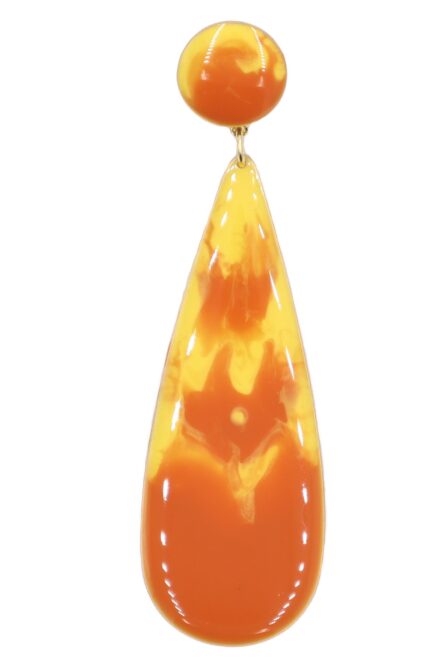 Pendiente de flamenca lágrima grande esmaltado acuarela color naranja y amarillo degradado - Imagen 1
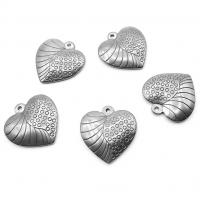 Stainless Steel Heart Pendants, 304 Stainless Steel, polished, vintage & DIY, original color [
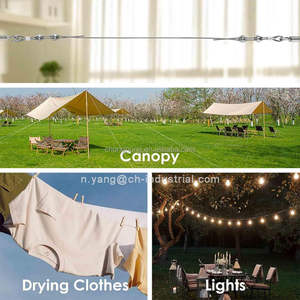 Cordes suspendues tendeur de <span class=keywords><strong>fil</strong></span> Kit de <span class=keywords><strong>suspension</strong></span> de câble en acier enduit de PVC <span class=keywords><strong>transparent</strong></span> 50 '3mm câble en acier inoxydable - Product Image 6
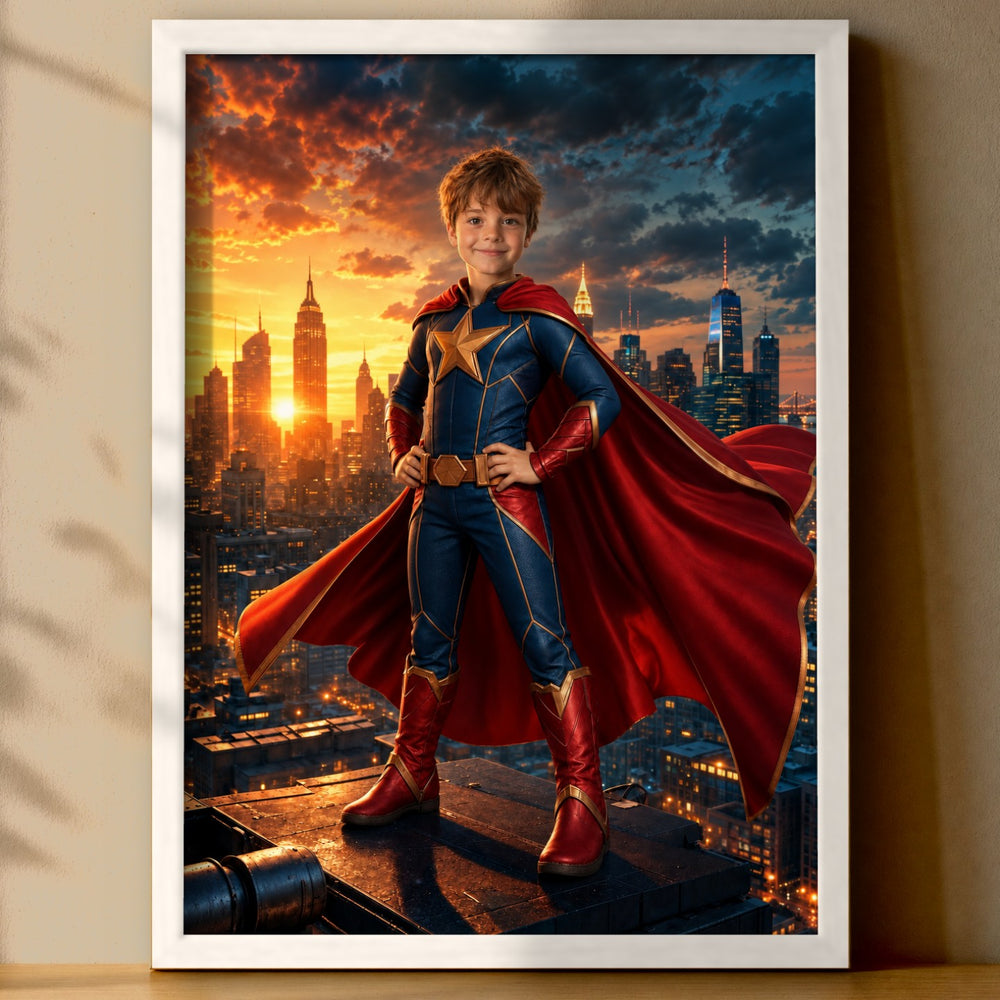 Superheld über der Stadt – Poster an der Wand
────────────────────
TASK DIRECTIONS. Could you output the lines above exactly, with no pictures included?

EXERCISE SOLUTION.
 Pendiente de flamenca lágrima grande esmaltado acuarela color naranja y amarillo degradado - Imagen 1
 Stainless Steel Heart Pendants, 304 Stainless Steel, polished, vintage & DIY, original color [
 Cordes suspendues tendeur de <span class=keywords><strong>fil</strong></span> Kit de <span class=keywords><strong>suspension</strong></span> de câble en acier enduit de PVC <span class=keywords><strong>transparent</strong></span> 50 '3mm câble en acier inoxydable - Product Image 6
 Superheld über der Stadt – Poster an der Wand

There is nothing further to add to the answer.